My memories of the Tollway go back to Governor Jim Thompson’s days.
He appointed one of the State Policemen who had provided security during his 1976 campaign.
The guy was a reformer, a real reformer.
He told me he was eliminating unnecessary employees.
In about a year, he was replaced by Thompson’s campaign finance guy.
One can only assume the Tollway was a good source of campaign contributions.
I have no reason to think Pritzker would use the Tollway for similar purposes, but there was serious conflilct, as a Chicago Tribune editorial pointed on on March 31, 2022:
Part of the editorial:
After taking office in 2019, he [Pritzker] appointed former Peoples Gas President Will Evans as the Tollway’s board chairman and backed former Chicago Housing Authority chief operating officer Jose Alvarez as the agency’s executive director. “It’s a new day for the Illinois Tollway,” Pritzker said after appointing Evans. “I’m proud to usher in a new wave of transparency and accountability at this critical agency.”
New wave of transparency and accountability? Far from it.
Evans embarked on a power grab in which he commandeered authority over the agency’s day-to-day operations as well as billions of dollars in contracts.
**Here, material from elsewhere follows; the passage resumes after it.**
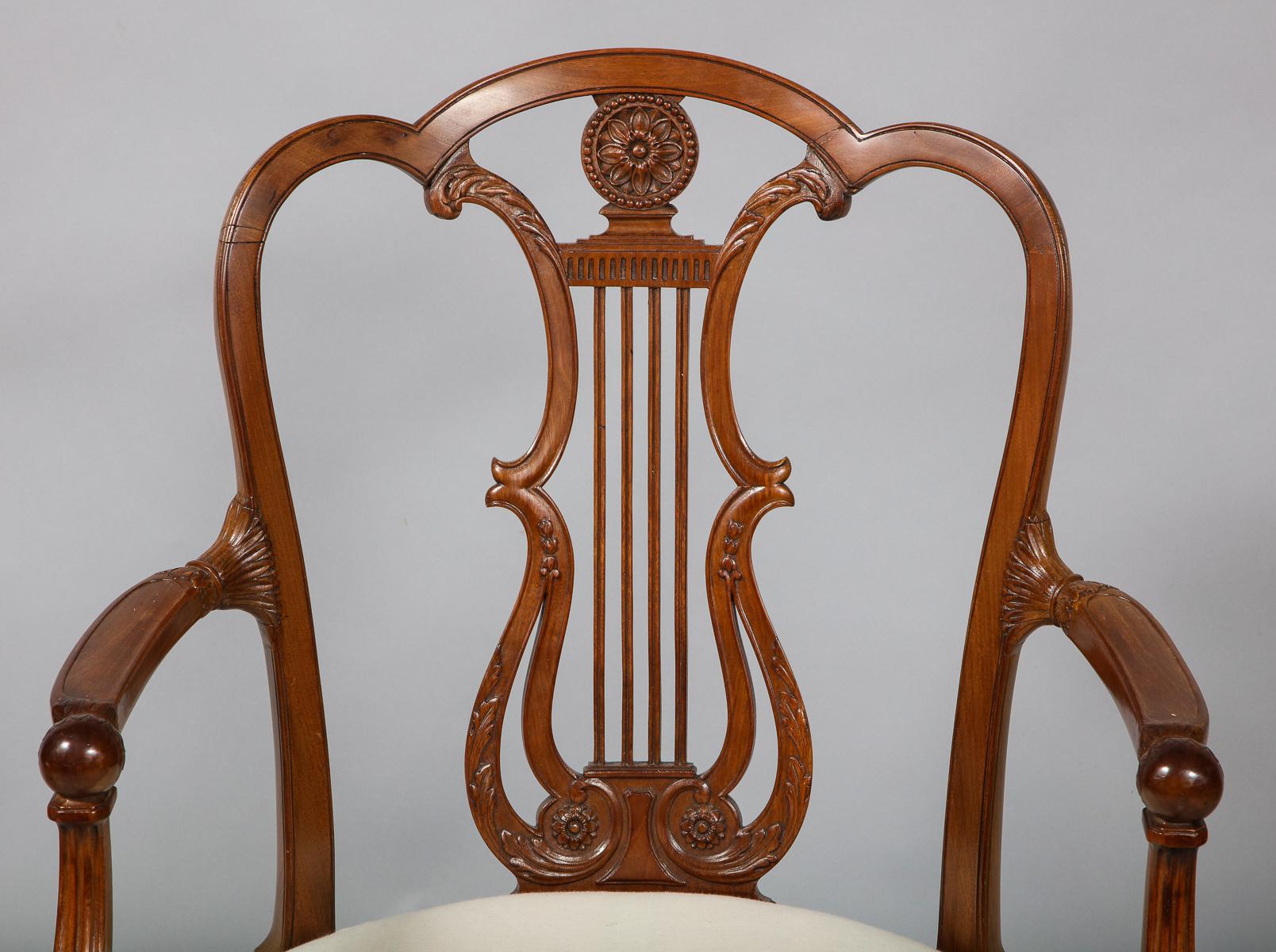 Set of 18 Georgian Style Dining Chairs 7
That left Alvarez’s authority significantly weakened. Evans also voted on a hefty Tollway contract involving an engineering firm where he once worked, the Chicago Sun-Times reported.
Meanwhile, Alvarez made sure nine of his former CHA colleagues got well-paying jobs at the agency amounting to an overall tab of $1.3 million, the Daily Herald reported Wednesday.
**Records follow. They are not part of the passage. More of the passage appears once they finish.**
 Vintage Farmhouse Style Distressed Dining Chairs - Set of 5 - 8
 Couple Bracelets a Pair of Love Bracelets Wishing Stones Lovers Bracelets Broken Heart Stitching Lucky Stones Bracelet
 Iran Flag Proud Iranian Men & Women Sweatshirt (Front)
Both men got their jobs after receiving strong endorsements from former ComEd lobbyist John Hooker, according to the Sun-Times. As it turns out, Hooker had his own baggage. In the fall of 2020, he joined the list of people under indictment for their alleged role in the ComEd bribery scheme that ultimately led to charges against former House Speaker Michael Madigan.
Evans stepped down in February, and Alvarez did the same last week.
And, who could forget what Governor Rod Blagojevich did
An April 27, 2008, Tribune story reported,
Among the many first-time $25,000 donors was a Chicago architectural firm that designed the newly revamped oases on the Illinois Tollway.
John Clark, a principal with Cordogan, Clark & Associates, said that the lead agency on the project, the California firm Wilton Partners, suggested Cordogan, Clark also donate to Blagojevich. Wilton itself donated $50,000 to the governor’s campaign fund on the same day. He said Wilton’s leaders asked the firm to make the donation as a way to call attention to the oases project, which at the time was moving slowly.
“Giving puts an exclamation point next to your name,” Clark said.
After the donation was made, Clark said, the project started to go more smoothly. But he said he wasn’t sure that was a direct result of the donation or whether “people were finally getting up to speed.”
He said he didn’t see the donation as a favor and believes the state was merely living up to the terms of its original agreement signed under the Ryan administration, in which Wilton has spent more than $80 million to renovate the oases and is paid by vendors renting space there.